O simbolismo presente no nascimento da neta de Maiara, por exemplo, reflete a transitoriedade da vida. Nicole descreve o momento como “um lembrete poderoso de que somos eternamente substituíveis e de que ninguém é tão grandioso que não vá perecer para dar lugar a uma nova vida. É sobre aproveitar, viver e amar, porque é isso que perpetua a humanidade".
A maturidade trouxe à atriz uma maior tranquilidade para encarar novos papéis, mas também uma contínua busca por desafios. "Ainda há barreiras para mulheres mais velhas nas artes cênicas e em tantos outros meios de trabalho. Essas barreiras são fruto de mentes fragilizadas e amedrontadas pela velhice, que chegará para todos, inevitavelmente. Mas mulheres grandiosas, como Leilah Assumpção, são exemplos brilhantes de como rompê-las", afirma.
Nicole reflete sobre o impacto do tempo na sua arte: “Tenho muito orgulho de, aos 66 anos, estar ativa, pensante, atuante e expandindo meus horizontes. E faço isso sem medo de mostrar minha cara sem maquiagem há décadas, bem antes de virar tendência. Para mim, essa escolha reflete autenticidade e, acima de tudo, respeito por quem sou”.
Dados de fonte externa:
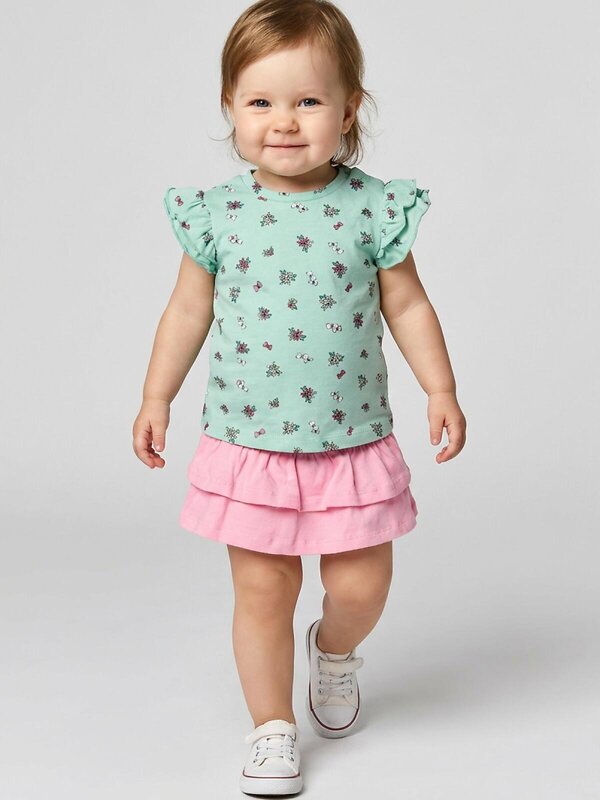 PLAYTODAY Юбка-шорты 585139 12623016 розовый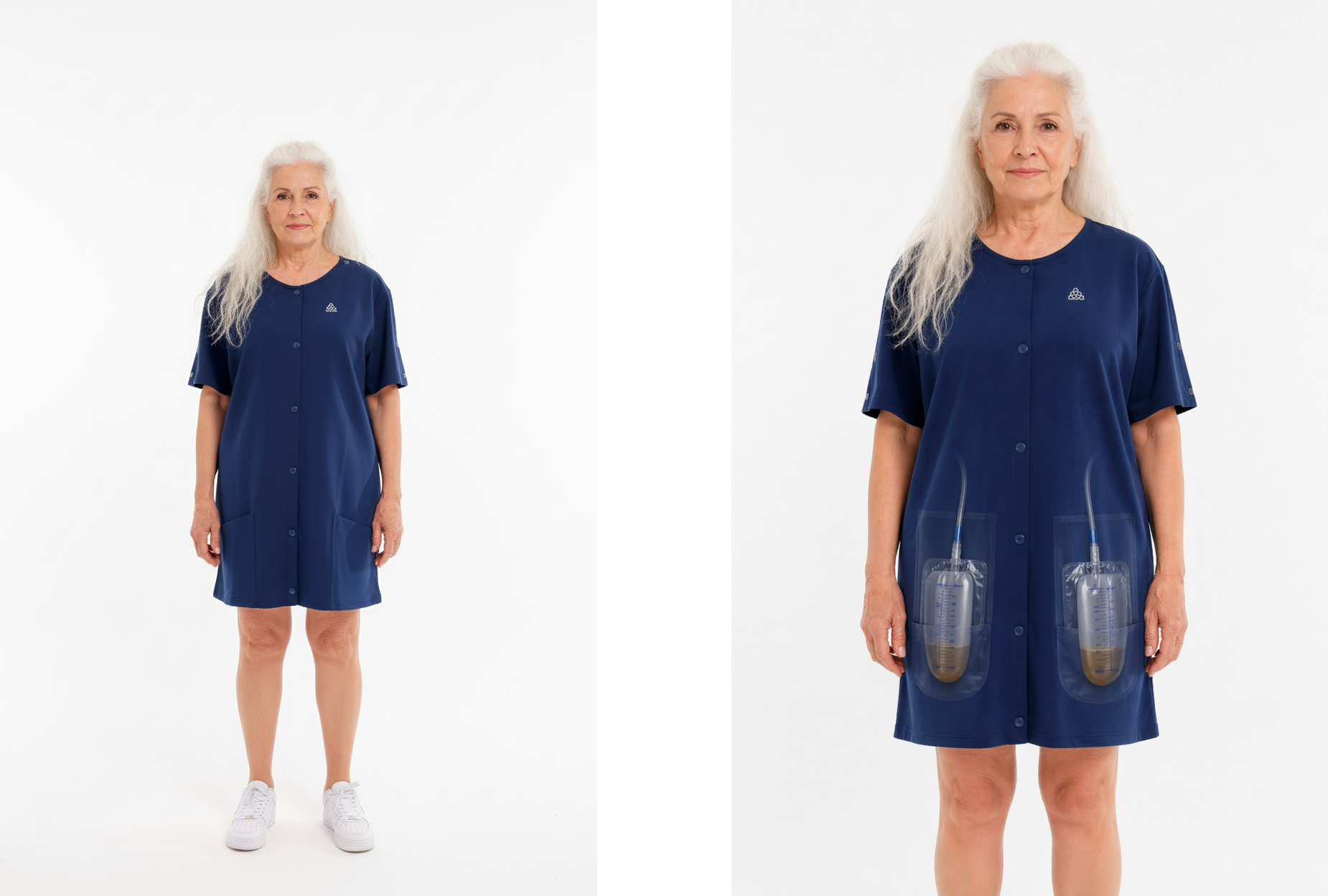 Cure Adaptive Postoperative Treatment and Patient Care Clothing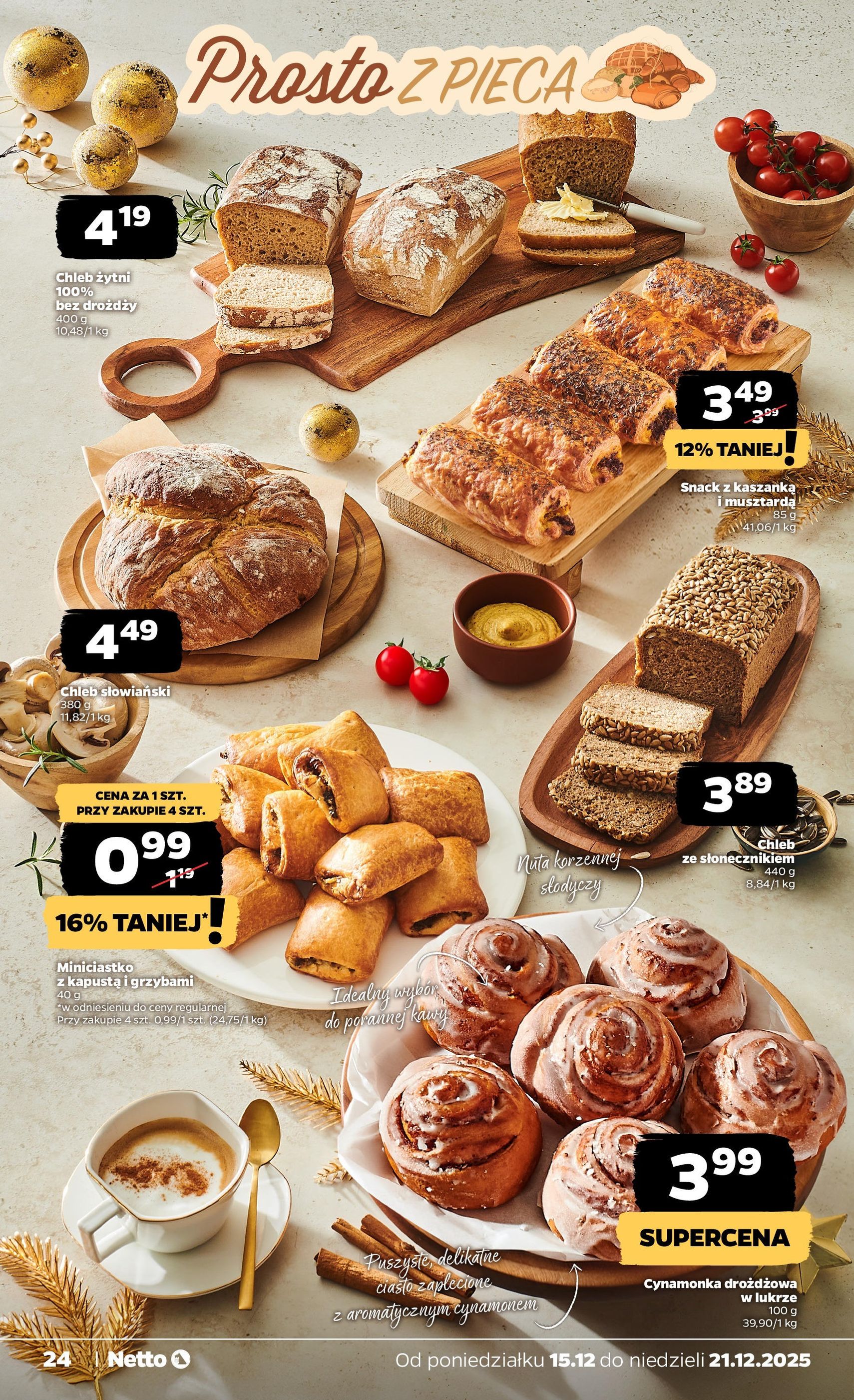 Netto gazetka - Spożywcza - ważny gazetka od 15.12.2025 strona 24 z 43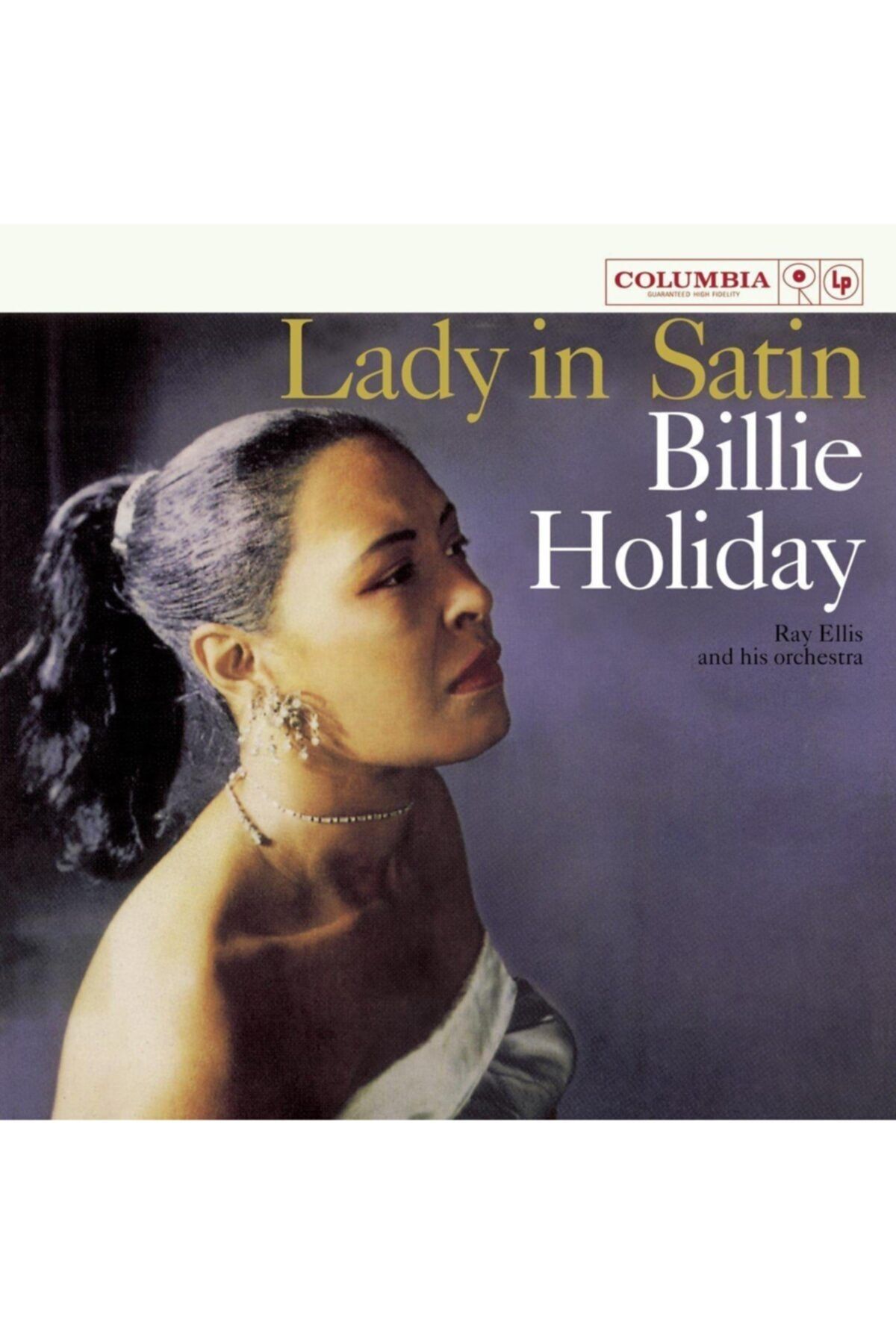 Sony Billie Holiday Lady In Satin Plak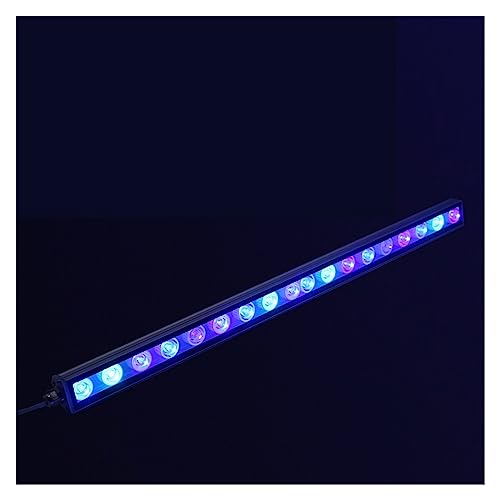 Barra Led Lampada Neon Per Acquario Impermeabile Immersione Rgb Tubo 25 45 73 Cm 45 Cm 87503444 - Foto 11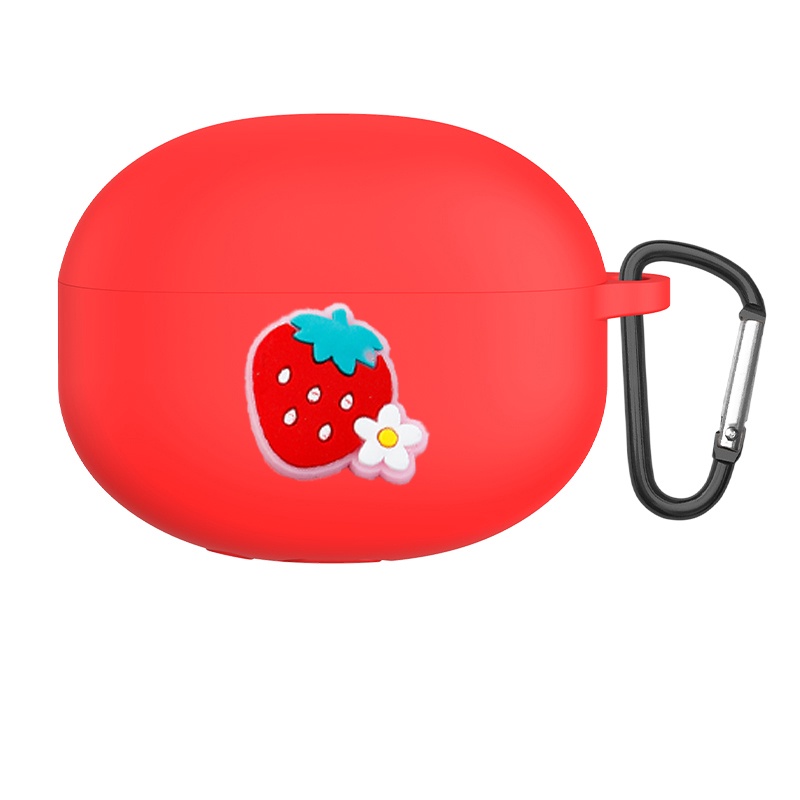 Casing Silikon Motif Kartun Hewan Lucu Untuk Earphone Wireless Bluetooth QCY T20 / T13 / AilyPods / T17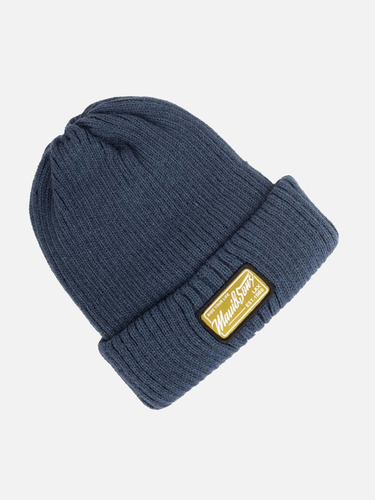 Gorro M&s Lax Hombre Azul Maui And Sons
Embora revisitar o passado não seja uma prática comum em sua vida, a atriz reconhece a importância de honrar as histórias que a moldaram. "Vivo no presente. Sempre vivi no meu presente. Não costumo revisitar o passado buscando novas perspectivas. Fiz o que tinha de fazer, o que era possível e o que achava ser o certo naquele momento, e respeito isso profundamente", destaca.
"Hoje, sou apenas a continuidade momentânea da minha própria história, e é aqui, no agora, que escolho estar", afirma a intérprete, que finaliza com uma reflexão sobre seu ofício e os desafios de estar nos palcos: "Tudo no teatro é um desafio. Se não for, então não é teatro ou você não passa de um disfarce em forma de atriz. A descoberta no palco é contínua, nunca acaba".